Traceback (most recent call last):
  File "/home/jpop/llama/codellama/example_completion.py", line 55, in <module>
    fire.Fire(main)
  File "/home/jpop/.conda/envs/codellama/lib/python3.11/site-packages/fire/core.py", line 141, in Fire
    component_trace = _Fire(component, args, parsed_flag_args, context, name)
                      ^^^^^^^^^^^^^^^^^^^^^^^^^^^^^^^^^^^^^^^^^^^^^^^^^^^^^^^
  File "/home/jpop/.conda/envs/codellama/lib/python3.11/site-packages/fire/core.py", line 475, in _Fire
    component, remaining_args = _CallAndUpdateTrace(
                                ^^^^^^^^^^^^^^^^^^^^
  File "/home/jpop/.conda/envs/codellama/lib/python3.11/site-packages/fire/core.py", line 691, in _CallAndUpdateTrace
    component = fn(*varargs, **kwargs)
                ^^^^^^^^^^^^^^^^^^^^^^
  File "/home/jpop/llama/codellama/example_completion.py", line 20, in main
    generator = Llama.build(
                ^^^^^^^^^^^^
  File "/home/jpop/llama/codellama/llama/generation.py", line 68, in build
    torch.distributed.init_process_group("nccl")
  File "/home/jpop/.conda/envs/codellama/lib/python3.11/site-packages/torch/distributed/distributed_c10d.py", line 907, in init_process_group
    default_pg = _new_process_group_helper(
                 ^^^^^^^^^^^^^^^^^^^^^^^^^^
  File "/home/jpop/.conda/envs/codellama/lib/python3.11/site-packages/torch/distributed/distributed_c10d.py", line 1013, in _new_process_group_helper
    raise RuntimeError("Distributed package doesn't have NCCL " "built in")
**RuntimeError: Distributed package doesn't have NCCL built in**
ERROR:torch.distributed.elastic.multiprocessing.api:failed (exitcode: 1) local_rank: 0 (pid: 99331) of binary: /home/jpop/.conda/envs/codellama/bin/python
Traceback (most recent call last):
  File "/home/jpop/.conda/envs/codellama/bin/torchrun", line 33, in <module>
    sys.exit(load_entry_point('torch==2.0.1', 'console_scripts', 'torchrun')())
             ^^^^^^^^^^^^^^^^^^^^^^^^^^^^^^^^^^^^^^^^^^^^^^^^^^^^^^^^^^^^^^^^^
  File "/home/jpop/.conda/envs/codellama/lib/python3.11/site-packages/torch/distributed/elastic/multiprocessing/errors/__init__.py", line 346, in wrapper
    return f(*args, **kwargs)
           ^^^^^^^^^^^^^^^^^^
  File "/home/jpop/.conda/envs/codellama/lib/python3.11/site-packages/torch/distributed/run.py", line 794, in main
    run(args)
  File "/home/jpop/.conda/envs/codellama/lib/python3.11/site-packages/torch/distributed/run.py", line 785, in run
    elastic_launch(
  File "/home/jpop/.conda/envs/codellama/lib/python3.11/site-packages/torch/distributed/launcher/api.py", line 134, in __call__
    return launch_agent(self._config, self._entrypoint, list(args))
           ^^^^^^^^^^^^^^^^^^^^^^^^^^^^^^^^^^^^^^^^^^^^^^^^^^^^^^^^
  File "/home/jpop/.conda/envs/codellama/lib/python3.11/site-packages/torch/distributed/launcher/api.py", line 250, in launch_agent
    raise ChildFailedError(
torch.distributed.elastic.multiprocessing.errors.ChildFailedError:
============================================================
example_completion.py FAILED
------------------------------------------------------------
Failures:
  <NO_OTHER_FAILURES>
------------------------------------------------------------

Mah_Neh · September 8, 2023, 7:37pm

Where is this model coming from?

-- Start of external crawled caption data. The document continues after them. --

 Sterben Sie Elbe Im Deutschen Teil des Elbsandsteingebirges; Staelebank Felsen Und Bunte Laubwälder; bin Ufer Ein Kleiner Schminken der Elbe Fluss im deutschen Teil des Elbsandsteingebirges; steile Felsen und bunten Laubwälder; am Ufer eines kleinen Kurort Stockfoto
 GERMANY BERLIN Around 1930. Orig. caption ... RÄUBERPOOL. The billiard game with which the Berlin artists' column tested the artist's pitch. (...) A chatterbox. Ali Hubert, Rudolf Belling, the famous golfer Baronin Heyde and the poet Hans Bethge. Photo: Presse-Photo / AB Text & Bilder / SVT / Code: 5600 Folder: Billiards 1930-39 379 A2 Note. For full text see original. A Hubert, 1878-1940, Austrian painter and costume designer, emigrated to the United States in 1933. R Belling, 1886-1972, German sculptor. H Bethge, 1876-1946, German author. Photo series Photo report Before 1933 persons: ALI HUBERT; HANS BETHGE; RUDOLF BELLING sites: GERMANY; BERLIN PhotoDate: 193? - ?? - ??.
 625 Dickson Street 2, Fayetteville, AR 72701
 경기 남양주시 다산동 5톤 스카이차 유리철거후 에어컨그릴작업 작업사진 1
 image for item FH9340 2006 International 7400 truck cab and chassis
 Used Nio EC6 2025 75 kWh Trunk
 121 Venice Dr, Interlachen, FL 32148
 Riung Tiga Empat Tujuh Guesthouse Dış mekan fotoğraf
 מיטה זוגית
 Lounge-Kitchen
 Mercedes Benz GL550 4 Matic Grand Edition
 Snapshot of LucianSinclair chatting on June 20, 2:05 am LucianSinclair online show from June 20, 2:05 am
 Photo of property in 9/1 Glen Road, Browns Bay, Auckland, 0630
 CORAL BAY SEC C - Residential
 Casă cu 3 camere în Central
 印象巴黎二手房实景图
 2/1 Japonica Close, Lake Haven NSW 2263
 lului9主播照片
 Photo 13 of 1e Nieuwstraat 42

It should be indicated in the docs. You do not need ncc;l but it’s being initialised by the code likely.

hackdefendr · September 8, 2023, 8:28pm

It is Facebook’s / Meta’s github for CodeLlama I’m using their 34b model. Hmm, If it is in the code from Facebook, well maybe I can figure out how to use my Nvidia, it is an older gaming GPU so I’m not holding my breath. I wonder if they have a CPU repository.

Mah_Neh · September 8, 2023, 8:44pm

I’d try with colab and 7B first What's the machine requirements for each model? · Issue #30 · facebookresearch/codellama · GitHub, and use the GPUs

The 34B parameters is way to heavy and will take minutes to execute in your CPU I assume.

Anyhow, here there is someone with your same issue RuntimeError: Distributed package doesn't have NCCL built in · Issue #70 · facebookresearch/codellama · GitHub

And how they fixed it (for the 7B):

As of now, for 7B parameter model, its working on windows by making changes to generator.py file by using torch.distributed.init_process_group(“gloo”), instead of “nccl”.
Is this methodology fine if I want to use high parameter model in future?

hackdefendr · September 8, 2023, 9:07pm

Hmm, well my CPU is one of the first Intel i9 chips. My attempts to use the Nvidia GPU is spitting out this error:

RuntimeError: CUDA error: invalid device ordinal
CUDA kernel errors might be asynchronously reported at some other API call, so the stacktrace below might be incorrect.
For debugging consider passing CUDA_LAUNCH_BLOCKING=1.
Compile with `TORCH_USE_CUDA_DSA` to enable device-side assertions.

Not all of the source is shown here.